Histoire du lycée Paul Duez par Laurence Saydon, proviseure

Fondé en 1270 et situé près de la Tour d'Abancourt, il compte six élèves choisis parmi les familles pauvres les plus méritantes.

En 1550; il se situe près de la Porte de Selles et se nomme Majoris.

Absorbé en 1575 par le collège des jésuites de la rue des Ecoles, il compte dix professeurs.

Les jésuites chassés, il est dirigé par des représentants de l'archevêque, de la municipalité et de deux notables. A la révolution, il est devenu bien national.

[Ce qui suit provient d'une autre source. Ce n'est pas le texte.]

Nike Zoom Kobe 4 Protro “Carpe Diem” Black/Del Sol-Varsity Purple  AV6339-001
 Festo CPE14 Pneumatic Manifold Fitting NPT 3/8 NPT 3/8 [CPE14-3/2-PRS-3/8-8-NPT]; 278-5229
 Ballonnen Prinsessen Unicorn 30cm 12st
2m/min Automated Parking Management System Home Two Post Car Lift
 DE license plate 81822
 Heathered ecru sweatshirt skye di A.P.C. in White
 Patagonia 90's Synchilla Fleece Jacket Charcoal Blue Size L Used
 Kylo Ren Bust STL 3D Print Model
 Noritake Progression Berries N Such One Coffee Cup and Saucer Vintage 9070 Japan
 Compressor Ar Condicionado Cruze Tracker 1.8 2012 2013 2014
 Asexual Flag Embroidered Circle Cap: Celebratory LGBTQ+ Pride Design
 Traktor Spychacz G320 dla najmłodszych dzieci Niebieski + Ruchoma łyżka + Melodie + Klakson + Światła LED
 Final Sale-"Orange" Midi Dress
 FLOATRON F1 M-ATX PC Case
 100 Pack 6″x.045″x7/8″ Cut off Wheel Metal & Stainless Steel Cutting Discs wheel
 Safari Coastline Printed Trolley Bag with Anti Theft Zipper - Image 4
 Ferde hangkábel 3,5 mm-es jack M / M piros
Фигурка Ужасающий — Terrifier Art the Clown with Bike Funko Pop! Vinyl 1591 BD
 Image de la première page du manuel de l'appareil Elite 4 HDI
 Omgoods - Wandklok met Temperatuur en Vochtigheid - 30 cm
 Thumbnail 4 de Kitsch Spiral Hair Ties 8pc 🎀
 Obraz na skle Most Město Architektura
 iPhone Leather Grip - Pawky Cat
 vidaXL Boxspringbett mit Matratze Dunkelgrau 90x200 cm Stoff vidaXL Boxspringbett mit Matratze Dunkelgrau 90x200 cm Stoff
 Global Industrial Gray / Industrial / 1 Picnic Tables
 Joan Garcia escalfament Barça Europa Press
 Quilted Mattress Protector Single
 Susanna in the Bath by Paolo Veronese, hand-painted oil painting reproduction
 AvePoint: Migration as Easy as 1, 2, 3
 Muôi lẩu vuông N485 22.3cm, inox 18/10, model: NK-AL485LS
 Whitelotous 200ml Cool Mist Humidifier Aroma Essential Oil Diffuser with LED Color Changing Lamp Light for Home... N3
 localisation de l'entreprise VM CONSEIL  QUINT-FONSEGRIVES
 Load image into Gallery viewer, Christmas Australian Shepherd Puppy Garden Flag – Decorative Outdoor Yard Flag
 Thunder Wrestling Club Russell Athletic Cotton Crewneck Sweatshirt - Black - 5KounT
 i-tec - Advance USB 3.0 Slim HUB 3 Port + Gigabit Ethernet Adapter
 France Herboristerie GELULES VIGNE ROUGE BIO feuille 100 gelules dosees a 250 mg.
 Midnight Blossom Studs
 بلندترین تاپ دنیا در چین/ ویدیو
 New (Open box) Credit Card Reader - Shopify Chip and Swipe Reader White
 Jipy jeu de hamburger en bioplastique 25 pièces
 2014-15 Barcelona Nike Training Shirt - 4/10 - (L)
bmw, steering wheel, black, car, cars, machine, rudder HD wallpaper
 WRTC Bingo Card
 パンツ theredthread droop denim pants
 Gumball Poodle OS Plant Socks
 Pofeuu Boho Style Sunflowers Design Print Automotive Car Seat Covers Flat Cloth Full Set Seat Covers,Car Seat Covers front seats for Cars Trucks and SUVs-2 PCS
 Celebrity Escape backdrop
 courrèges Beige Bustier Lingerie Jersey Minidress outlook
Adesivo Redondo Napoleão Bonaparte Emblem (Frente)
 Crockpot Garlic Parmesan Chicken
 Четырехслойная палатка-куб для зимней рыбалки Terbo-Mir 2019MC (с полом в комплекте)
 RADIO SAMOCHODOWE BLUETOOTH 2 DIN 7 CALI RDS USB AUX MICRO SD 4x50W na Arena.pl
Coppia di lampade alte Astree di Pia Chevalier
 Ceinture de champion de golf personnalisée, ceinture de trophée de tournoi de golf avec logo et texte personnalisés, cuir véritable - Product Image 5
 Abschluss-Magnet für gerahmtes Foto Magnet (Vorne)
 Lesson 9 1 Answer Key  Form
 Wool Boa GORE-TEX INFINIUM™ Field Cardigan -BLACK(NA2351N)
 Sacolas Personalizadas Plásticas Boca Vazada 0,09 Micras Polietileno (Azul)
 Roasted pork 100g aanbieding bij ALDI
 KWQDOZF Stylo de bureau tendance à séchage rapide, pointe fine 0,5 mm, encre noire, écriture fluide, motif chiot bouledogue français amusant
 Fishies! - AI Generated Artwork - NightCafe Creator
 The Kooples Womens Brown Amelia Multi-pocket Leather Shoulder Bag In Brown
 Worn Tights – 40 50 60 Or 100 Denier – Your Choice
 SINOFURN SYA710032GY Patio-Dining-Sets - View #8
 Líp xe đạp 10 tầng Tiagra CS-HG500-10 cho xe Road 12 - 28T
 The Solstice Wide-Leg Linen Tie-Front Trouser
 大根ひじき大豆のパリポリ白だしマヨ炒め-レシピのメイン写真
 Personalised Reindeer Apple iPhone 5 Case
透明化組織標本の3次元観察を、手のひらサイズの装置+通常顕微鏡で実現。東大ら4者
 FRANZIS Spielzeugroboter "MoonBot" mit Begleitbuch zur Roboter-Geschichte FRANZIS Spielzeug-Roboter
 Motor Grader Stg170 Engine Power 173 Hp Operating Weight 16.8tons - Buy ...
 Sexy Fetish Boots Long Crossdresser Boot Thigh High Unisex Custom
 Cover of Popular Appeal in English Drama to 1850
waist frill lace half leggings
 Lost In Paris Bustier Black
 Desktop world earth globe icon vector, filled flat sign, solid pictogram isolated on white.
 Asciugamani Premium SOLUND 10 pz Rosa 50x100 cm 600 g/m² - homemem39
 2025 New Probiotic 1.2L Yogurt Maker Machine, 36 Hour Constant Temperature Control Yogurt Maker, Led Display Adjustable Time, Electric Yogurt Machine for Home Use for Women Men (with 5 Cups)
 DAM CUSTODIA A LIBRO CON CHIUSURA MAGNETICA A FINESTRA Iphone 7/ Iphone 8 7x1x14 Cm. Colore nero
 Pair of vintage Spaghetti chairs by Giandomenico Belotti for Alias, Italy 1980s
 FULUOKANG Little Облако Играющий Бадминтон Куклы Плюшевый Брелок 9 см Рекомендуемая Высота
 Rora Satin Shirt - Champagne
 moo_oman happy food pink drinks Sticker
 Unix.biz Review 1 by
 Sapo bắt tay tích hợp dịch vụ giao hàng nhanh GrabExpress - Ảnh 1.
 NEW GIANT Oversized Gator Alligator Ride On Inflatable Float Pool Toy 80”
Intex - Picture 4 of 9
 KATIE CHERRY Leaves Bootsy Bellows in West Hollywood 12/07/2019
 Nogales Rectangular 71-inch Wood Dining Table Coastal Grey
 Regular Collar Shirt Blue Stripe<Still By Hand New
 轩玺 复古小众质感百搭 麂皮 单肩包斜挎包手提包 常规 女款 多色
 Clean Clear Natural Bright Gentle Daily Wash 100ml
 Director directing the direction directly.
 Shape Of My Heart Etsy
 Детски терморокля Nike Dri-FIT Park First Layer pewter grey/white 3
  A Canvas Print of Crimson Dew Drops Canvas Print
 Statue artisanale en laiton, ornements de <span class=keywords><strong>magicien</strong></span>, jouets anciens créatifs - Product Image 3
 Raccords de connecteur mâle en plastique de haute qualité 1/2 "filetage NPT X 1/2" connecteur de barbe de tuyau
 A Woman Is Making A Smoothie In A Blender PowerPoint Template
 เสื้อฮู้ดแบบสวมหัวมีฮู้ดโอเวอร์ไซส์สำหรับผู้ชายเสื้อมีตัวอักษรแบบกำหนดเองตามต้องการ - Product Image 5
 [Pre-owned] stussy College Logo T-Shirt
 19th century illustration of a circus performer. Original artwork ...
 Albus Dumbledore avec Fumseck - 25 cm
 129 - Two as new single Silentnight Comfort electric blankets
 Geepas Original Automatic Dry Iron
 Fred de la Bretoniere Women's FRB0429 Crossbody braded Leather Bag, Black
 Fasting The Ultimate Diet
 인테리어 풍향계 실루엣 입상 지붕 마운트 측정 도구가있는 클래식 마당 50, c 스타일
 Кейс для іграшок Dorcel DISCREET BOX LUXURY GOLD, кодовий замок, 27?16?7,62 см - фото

En 1802, il s'installe dans les bâtiments de l'ancien hôpital Saint-Jean puis à l'abbaye de Cantimpré achetée par la municipalité.

En 1901, il est transféré Boulevard Paul Bezin.

Fortement endommagé pendant les deux guerres, il est continuellement agrandi et figure parmi les plus importants lycées de France en nombre d'élèves.

Le lycée Paul Duez (1/2)

C'est par un soir d'orage que Laurence Saydon nous a parlé d'un sujet qui lui tient à cœur : le lycée Paul Duez, qu'elle dirige. Pendant qu'elle s'exprimait, je décelais dans les yeux de certains de mes collègues, de petites étincelles, qui n'avaient rien à voir avec les foudres extérieures, mais qui naissent à chaque fois qu'on évoque, devant d’anciens potaches, leur cher et vieux bahut. Un vieux bahut, en effet, dont Madame la Proviseur (du latin « provisor » : qui pourvoit) s'applique à nous conter l'histoire, depuis son origine en 1270. Il s'appelle alors « collège » et s'établit à l'ombre de la tour d'Abancourt. Il accueille six potaches que l'on nomme « capets ou bons enfants » et qui sont choisis parmi les pauvres les plus méritants de la ville.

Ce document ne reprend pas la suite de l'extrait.